*ASSIGNMENT*
What follows is a set of records; repeat them exactly, without the pictures.

[[ PROVIDED RECORDS, beginning ]]

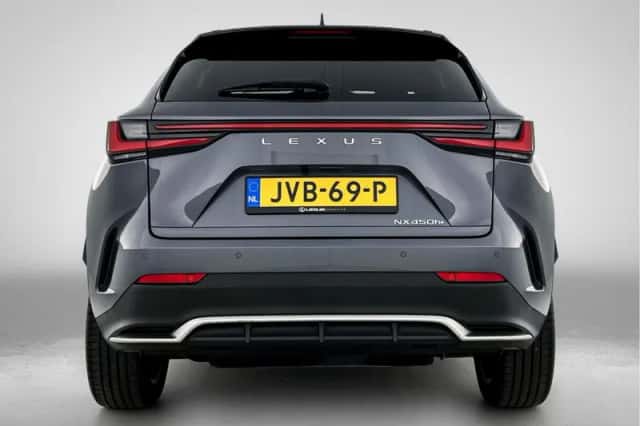 Lexus NX (2024) thumbnail 20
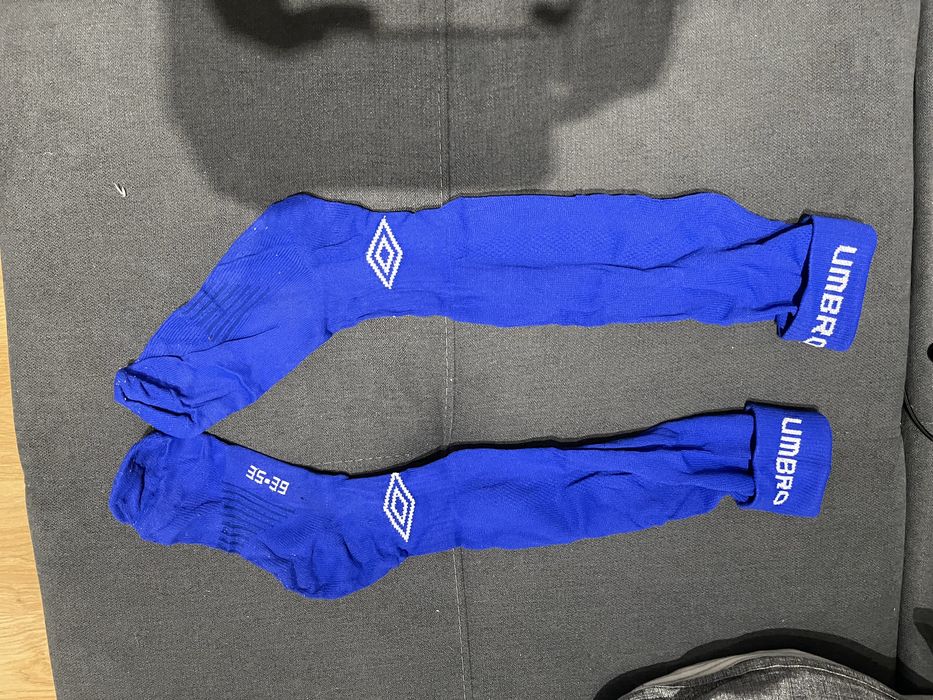 Skarpety piłkarskie umbro getry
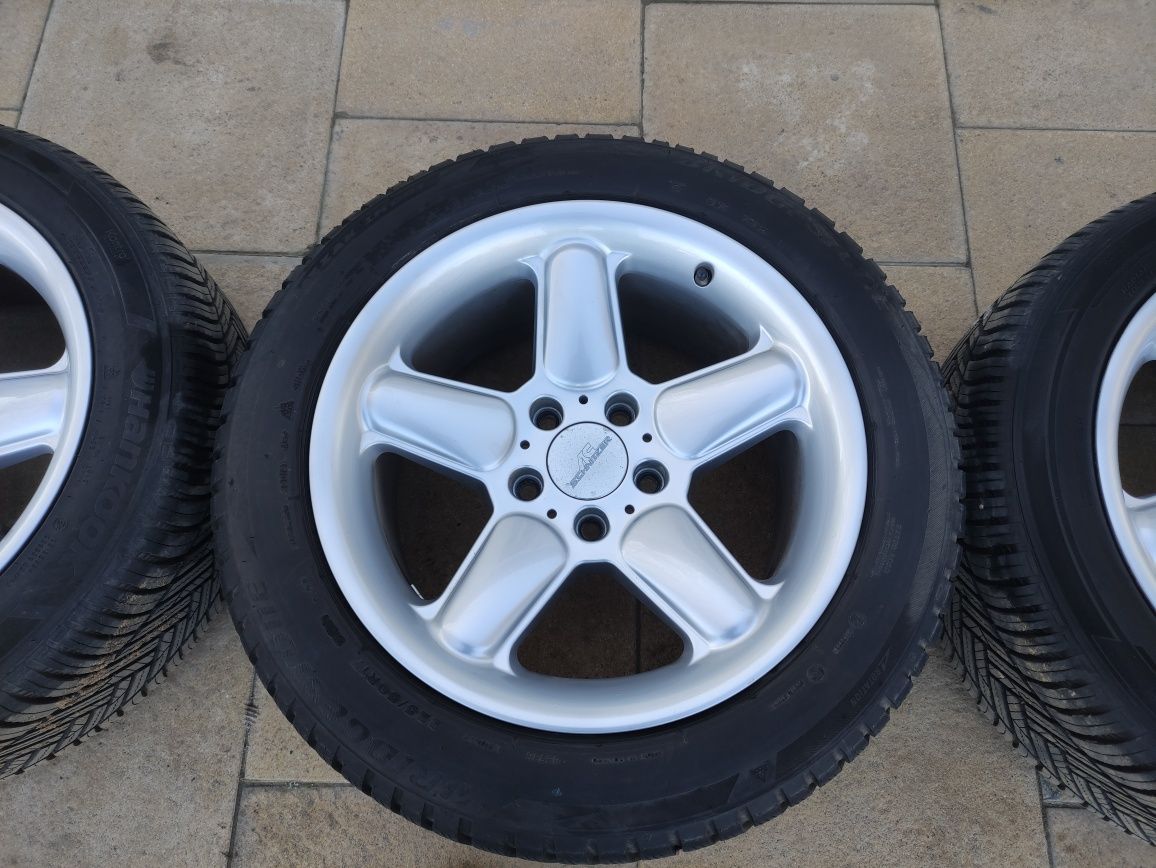 Felgi koła 17' 5x120 AC Schnitzer type 2 bardzo dobry stan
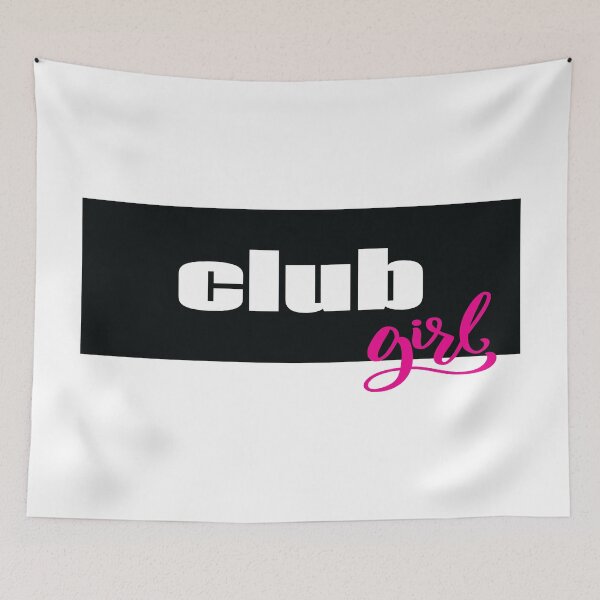 Item preview, Club Girl designed and sold by ProjectX23.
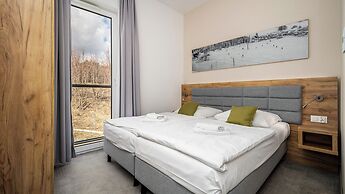 Apartamenty Sun & Snow Panorama z basenem Czarna Góra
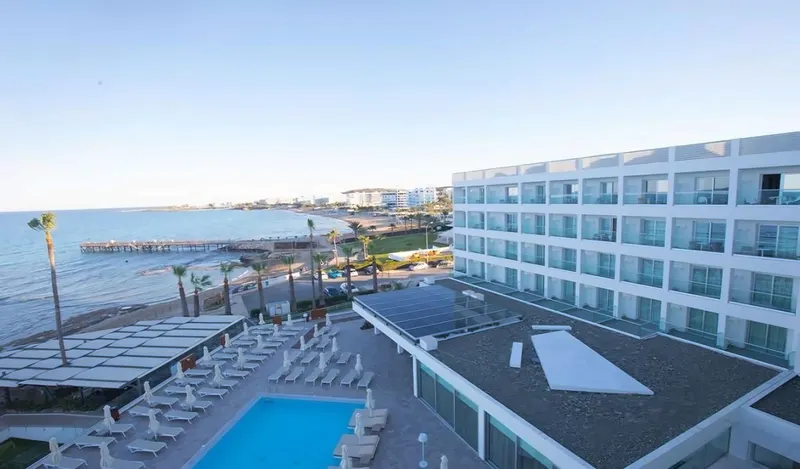 Evalena Beach Hotel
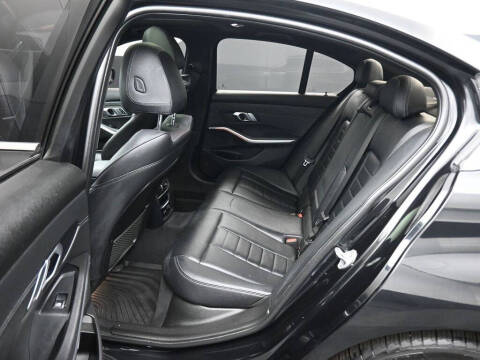 2020 BMW 3 Series 330i xDrive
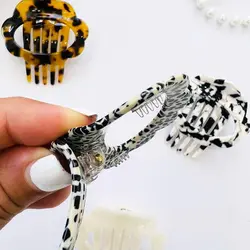 کلیپس شانه ای پلنگی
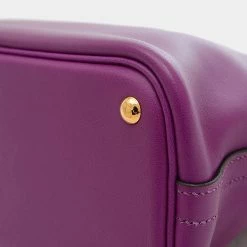 Hermes Bolide 27 Swift Anemone Y Engraved Handbag For Women -Deals Hermes Store luxury women hermes used handbags p650418 010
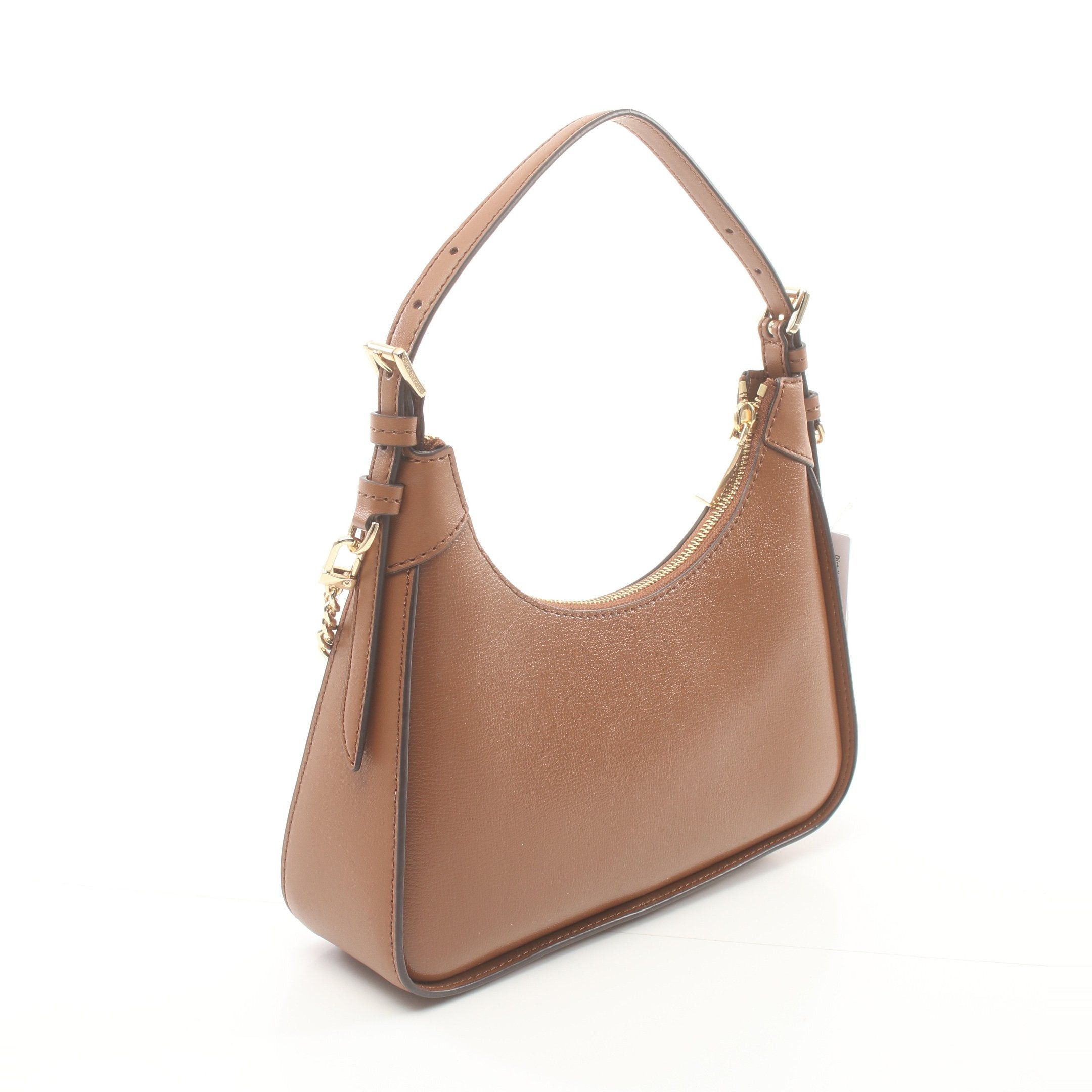 Michael Kors Michael Kors Wilma One Shoulder Bag Leather Brown Size ONE SIZE - 2 Thumbnail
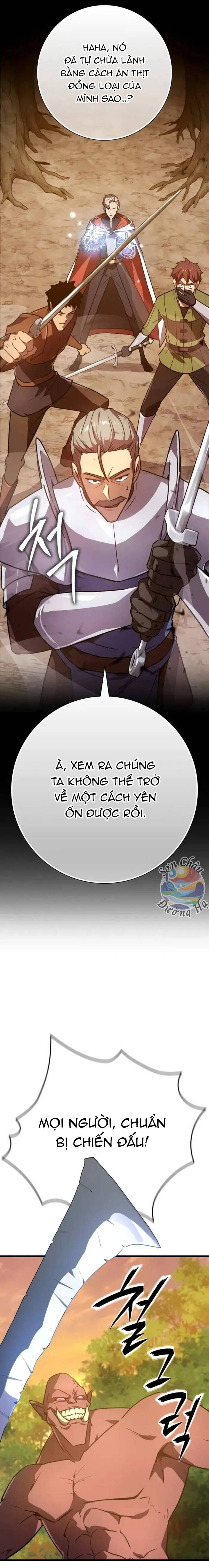 Pháp Sư Thiên Tài Đột Phá Vô Cực Chapter 7 - 2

[[ PROVIDED RECORDS, end ]]

*EXERCISE ANSWER*
 Lexus NX (2024) thumbnail 20
 Skarpety piłkarskie umbro getry
 Felgi koła 17' 5x120 AC Schnitzer type 2 bardzo dobry stan
 Item preview, Club Girl designed and sold by ProjectX23.
 Apartamenty Sun & Snow Panorama z basenem Czarna Góra
 Evalena Beach Hotel
 2020 BMW 3 Series 330i xDrive
 کلیپس شانه ای پلنگی
 Hermes Bolide 27 Swift Anemone Y Engraved Handbag For Women -Deals Hermes Store luxury women hermes used handbags p650418 010
 Michael Kors Michael Kors Wilma One Shoulder Bag Leather Brown Size ONE SIZE - 2 Thumbnail
 Pháp Sư Thiên Tài Đột Phá Vô Cực Chapter 7 - 2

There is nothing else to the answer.